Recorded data
┏━━
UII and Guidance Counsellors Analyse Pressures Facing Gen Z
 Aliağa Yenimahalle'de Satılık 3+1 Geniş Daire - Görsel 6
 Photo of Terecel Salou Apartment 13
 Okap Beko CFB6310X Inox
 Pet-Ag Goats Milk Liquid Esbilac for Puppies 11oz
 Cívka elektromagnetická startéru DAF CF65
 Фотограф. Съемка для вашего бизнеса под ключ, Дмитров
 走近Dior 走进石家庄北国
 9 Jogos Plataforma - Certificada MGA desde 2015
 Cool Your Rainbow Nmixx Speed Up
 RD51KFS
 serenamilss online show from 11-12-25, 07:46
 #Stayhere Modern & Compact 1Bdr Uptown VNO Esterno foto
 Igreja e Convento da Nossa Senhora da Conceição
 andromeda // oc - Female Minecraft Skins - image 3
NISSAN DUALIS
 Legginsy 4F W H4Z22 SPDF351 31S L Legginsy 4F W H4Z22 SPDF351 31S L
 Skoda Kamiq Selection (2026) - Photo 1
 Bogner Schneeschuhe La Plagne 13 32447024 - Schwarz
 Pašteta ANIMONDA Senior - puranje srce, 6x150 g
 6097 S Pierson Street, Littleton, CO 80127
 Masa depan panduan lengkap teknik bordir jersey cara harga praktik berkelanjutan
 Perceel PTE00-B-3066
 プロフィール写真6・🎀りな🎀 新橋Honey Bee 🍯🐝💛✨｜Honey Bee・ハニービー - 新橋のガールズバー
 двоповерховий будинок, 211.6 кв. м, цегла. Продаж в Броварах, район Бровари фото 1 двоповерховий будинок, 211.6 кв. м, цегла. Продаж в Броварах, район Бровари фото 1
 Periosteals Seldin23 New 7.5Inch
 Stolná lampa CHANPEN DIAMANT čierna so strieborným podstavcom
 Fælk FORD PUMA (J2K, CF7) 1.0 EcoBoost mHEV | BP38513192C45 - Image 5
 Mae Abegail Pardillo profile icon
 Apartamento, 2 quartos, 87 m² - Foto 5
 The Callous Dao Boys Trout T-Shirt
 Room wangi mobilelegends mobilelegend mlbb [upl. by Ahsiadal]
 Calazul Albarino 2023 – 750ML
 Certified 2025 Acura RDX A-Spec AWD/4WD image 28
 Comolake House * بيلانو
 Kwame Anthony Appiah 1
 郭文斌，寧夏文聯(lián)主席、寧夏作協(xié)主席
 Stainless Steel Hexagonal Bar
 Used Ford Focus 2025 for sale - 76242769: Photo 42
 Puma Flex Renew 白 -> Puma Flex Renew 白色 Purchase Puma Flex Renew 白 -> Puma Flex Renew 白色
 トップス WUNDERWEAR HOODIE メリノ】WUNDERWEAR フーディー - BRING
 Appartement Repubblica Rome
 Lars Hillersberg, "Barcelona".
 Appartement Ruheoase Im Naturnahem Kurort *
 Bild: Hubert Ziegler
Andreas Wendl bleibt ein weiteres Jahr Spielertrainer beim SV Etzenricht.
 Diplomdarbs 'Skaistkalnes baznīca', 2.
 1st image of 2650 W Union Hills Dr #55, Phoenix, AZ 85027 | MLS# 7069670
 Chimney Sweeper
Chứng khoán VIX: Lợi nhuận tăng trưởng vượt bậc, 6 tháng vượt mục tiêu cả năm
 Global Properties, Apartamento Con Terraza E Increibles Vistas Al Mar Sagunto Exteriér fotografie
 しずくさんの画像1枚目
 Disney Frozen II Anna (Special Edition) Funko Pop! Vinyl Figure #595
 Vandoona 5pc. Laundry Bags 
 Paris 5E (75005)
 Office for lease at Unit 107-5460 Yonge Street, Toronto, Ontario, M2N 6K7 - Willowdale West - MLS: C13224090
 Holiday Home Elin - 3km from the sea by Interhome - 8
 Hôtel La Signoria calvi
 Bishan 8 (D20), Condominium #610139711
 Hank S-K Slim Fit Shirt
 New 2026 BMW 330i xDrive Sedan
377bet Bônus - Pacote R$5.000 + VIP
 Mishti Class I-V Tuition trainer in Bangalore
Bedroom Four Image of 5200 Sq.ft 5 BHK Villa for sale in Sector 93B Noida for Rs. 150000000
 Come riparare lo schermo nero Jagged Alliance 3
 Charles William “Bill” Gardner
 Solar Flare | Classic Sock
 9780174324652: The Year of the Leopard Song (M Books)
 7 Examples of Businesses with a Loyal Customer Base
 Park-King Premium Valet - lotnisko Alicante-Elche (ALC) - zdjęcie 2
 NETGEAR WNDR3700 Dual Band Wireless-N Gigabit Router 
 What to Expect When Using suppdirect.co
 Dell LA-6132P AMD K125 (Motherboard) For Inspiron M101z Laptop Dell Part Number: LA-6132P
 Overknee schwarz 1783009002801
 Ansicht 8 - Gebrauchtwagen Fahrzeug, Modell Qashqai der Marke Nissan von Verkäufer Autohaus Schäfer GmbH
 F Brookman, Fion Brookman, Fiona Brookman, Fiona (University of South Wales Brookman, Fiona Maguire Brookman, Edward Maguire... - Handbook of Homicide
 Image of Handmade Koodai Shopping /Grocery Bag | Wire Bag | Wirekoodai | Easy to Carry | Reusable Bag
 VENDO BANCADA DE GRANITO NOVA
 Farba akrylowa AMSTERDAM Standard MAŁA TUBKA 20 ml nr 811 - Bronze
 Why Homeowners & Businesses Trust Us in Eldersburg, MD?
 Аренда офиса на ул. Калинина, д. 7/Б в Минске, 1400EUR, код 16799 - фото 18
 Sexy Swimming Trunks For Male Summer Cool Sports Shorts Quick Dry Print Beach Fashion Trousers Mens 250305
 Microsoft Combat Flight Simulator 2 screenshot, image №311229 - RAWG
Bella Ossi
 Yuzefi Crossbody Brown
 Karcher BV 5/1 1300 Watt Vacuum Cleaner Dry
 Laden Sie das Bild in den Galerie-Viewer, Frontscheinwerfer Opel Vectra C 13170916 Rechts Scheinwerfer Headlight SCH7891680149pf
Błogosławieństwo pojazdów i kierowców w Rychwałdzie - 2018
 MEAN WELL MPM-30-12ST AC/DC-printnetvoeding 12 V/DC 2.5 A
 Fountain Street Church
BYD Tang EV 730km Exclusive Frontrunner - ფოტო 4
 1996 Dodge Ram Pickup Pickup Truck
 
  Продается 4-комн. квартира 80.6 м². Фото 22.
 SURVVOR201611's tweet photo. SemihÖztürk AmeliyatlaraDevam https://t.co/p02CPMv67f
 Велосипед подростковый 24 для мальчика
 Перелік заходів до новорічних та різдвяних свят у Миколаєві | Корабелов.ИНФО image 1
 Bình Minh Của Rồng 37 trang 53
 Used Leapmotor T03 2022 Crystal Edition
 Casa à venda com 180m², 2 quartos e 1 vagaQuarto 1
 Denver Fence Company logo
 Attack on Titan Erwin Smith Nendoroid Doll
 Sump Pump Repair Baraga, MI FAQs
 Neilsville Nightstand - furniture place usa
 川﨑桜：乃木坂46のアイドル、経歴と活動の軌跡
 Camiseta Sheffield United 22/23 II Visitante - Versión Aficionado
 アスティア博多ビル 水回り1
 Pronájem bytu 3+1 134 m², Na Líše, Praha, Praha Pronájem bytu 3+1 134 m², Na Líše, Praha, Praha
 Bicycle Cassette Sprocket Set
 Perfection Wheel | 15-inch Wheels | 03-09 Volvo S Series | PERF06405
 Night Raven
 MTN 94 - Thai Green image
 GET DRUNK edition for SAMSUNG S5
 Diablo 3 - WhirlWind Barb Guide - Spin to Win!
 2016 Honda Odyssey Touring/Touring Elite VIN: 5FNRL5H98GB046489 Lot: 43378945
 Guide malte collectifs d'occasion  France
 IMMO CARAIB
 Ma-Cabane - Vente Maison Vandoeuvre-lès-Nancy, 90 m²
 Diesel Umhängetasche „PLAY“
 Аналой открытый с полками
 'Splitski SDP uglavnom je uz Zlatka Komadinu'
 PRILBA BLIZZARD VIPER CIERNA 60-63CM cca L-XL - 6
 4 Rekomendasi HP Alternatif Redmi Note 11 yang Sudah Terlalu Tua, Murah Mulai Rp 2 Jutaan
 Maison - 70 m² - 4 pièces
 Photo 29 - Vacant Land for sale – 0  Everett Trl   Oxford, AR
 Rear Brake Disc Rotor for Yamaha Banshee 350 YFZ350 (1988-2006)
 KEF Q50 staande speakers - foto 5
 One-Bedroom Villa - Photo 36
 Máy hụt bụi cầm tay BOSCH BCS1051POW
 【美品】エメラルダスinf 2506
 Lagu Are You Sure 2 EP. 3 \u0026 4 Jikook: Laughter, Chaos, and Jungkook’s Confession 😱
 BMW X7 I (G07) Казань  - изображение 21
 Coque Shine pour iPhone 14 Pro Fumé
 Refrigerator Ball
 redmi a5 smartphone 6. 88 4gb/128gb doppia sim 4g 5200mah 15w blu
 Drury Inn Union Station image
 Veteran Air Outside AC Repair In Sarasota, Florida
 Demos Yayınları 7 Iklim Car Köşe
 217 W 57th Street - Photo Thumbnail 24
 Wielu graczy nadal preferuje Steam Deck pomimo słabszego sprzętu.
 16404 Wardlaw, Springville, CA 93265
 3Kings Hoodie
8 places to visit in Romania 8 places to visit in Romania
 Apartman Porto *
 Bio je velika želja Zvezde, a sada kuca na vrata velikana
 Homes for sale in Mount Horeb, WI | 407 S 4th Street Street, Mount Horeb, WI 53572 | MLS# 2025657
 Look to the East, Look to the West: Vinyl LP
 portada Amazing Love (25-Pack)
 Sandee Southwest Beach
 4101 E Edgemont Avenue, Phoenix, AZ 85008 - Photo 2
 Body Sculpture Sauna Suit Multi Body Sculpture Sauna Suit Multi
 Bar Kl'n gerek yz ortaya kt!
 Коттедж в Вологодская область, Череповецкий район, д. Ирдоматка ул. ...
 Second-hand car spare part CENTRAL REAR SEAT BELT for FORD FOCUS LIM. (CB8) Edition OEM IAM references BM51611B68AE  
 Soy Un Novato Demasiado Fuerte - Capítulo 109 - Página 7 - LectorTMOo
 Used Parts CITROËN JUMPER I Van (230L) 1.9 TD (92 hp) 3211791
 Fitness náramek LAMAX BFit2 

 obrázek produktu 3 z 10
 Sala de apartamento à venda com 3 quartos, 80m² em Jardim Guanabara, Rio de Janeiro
┗━━
**What to work on**. Using the entries above, return each line that includes the word "Cool".

**Expected answer**.
 Cool Your Rainbow Nmixx Speed Up
 Sexy Swimming Trunks For Male Summer Cool Sports Shorts Quick Dry Print Beach Fashion Trousers Mens 250305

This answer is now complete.